Stalwarts such as Mahatma Gandhi and Jawaharlal Nehru, as well as unjustly forgotten thinkers such as Hamid Dalwai and Tarabai Shinde have been brought together in this anthology.

Speaking at the launch of Makers of Modern India at the Taj West End on Thursday, historian Ramachandra Guha said that contemporary politicians are completely ignorant of the legacies they claim to represent. Guha is the editor of this anthology of writings of 19 thinker-activists of modern India, published by Penguin Books India.

Stalwarts such as Mahatma Gandhi and Jawaharlal Nehru, as well as unjustly forgotten thinkers such as Hamid Dalwai and Tarabai Shinde have been brought together in this anthology.

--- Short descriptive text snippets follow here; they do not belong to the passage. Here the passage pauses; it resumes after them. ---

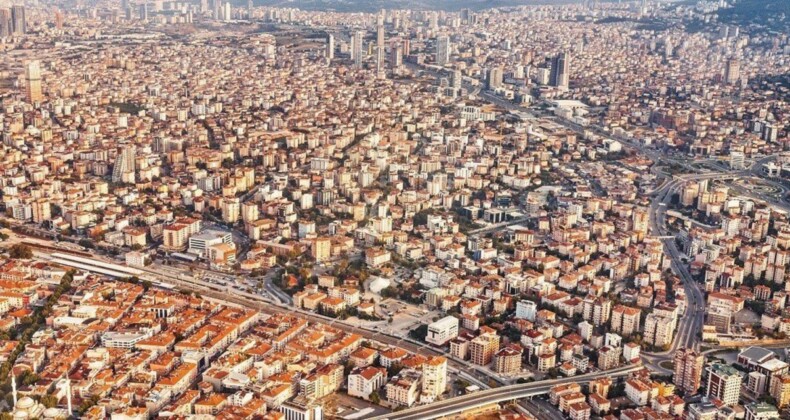 Buğra Gökçe duyurdu: İstanbul’daki riskli binalar için yeni yönetmelik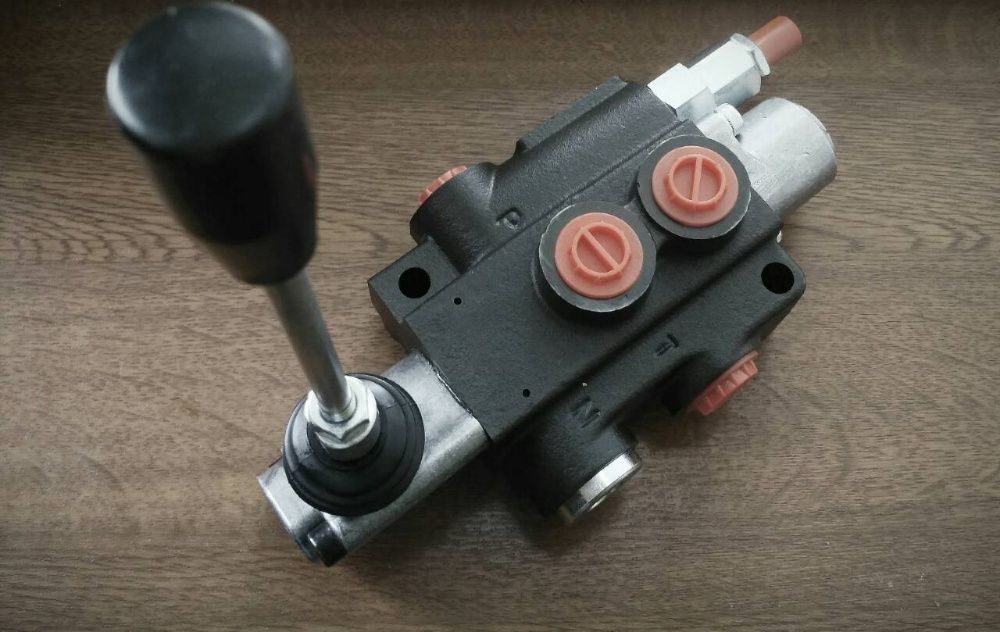 Гідророзподільник гідравлічний гидрораспределитель одно секційний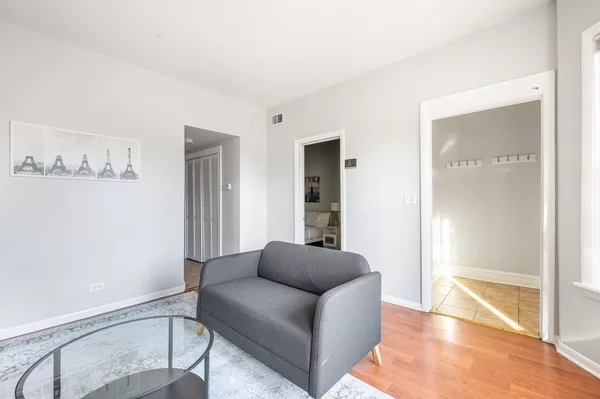 Coliving in Irving Park - Northwest Side, Chicago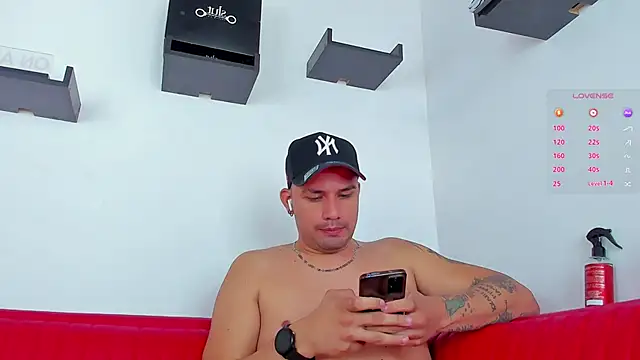 Jacoob19  online show from 01-18-25, 04:10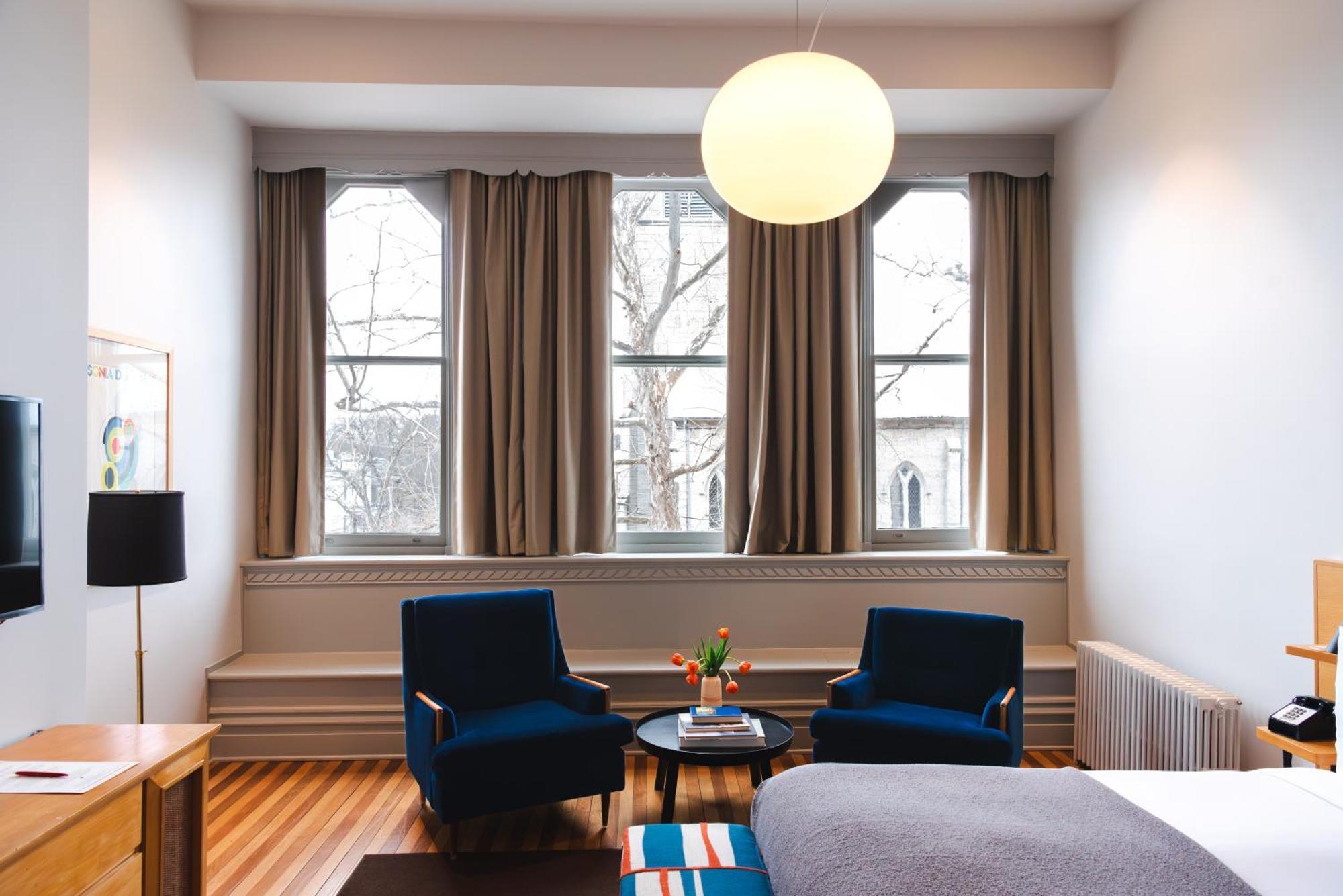 Queen Room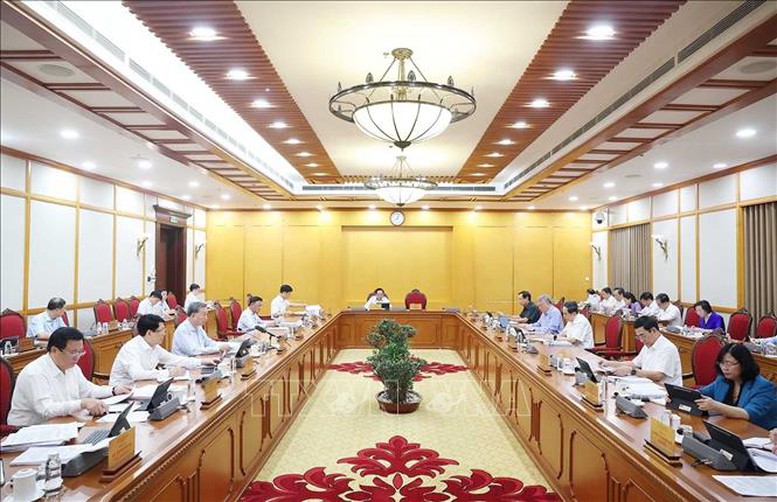 Tổng Bí thư Bố trí sắp xếp cán bộ đúng nguyên tắc không để phát sinh vấn đề phức tạp nội bộ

Guha said that the book resulted from an attempt to find out what contributed to Indian democracy and pluralism in the 19th and 20 centuries. He said that Indian democracy owed a lot to ‘proximate traditions’, rather than emperors such as Ashoka and Akbar.
Guha claimed that Makers of Modern India is the public face of the Indian political tradition. The authors brought together in the anthology are relevant to contemporary realities, he said. To illustrate his point, Guha quoted BR Ambedkar, the maker of the Indian Constitution: “Bhakti in politics will put you on the road to degradation,” he quoted Ambedkar as saying, and added that the Gandhis and the Modis of today would do well to remember Ambedkar's words.

Guha wondered why no politicians today think like Ambedkar. Why, asked Guha, do today's politicians lack intelligence, literary skill and moral courage? Why cannot they tell the truth, like their predecessors? Guha said that readers of Makers of Modern India would raise these questions too. “The book is meant for every thinking Indian, and also for politicians," Guha said.

Girish Karnad, playwright and author, launching the Makers of Modern India, asked why Karnataka, which had been responsive to ideas from across the world, had not produced a thinker-activist that equalled the stature of Guha’s 19. Thinking aloud, Karnad said that the dearth of this kind of writing in the state could be attributed to the fact that Mysore was under the thumb of British rule; what now constitutes the state was divided into four parts, and there was little interaction between these units.

Karnad said Guha had made the intellectual life of India vibrant. He recalled the historian’s confrontations with Nobel Prize winner Amartya Sen and Gayatri Spivak, a post-colonial theorist. “Guha throws up answers and raises questions. Makers of Modern India, too, does that,” Karnad said.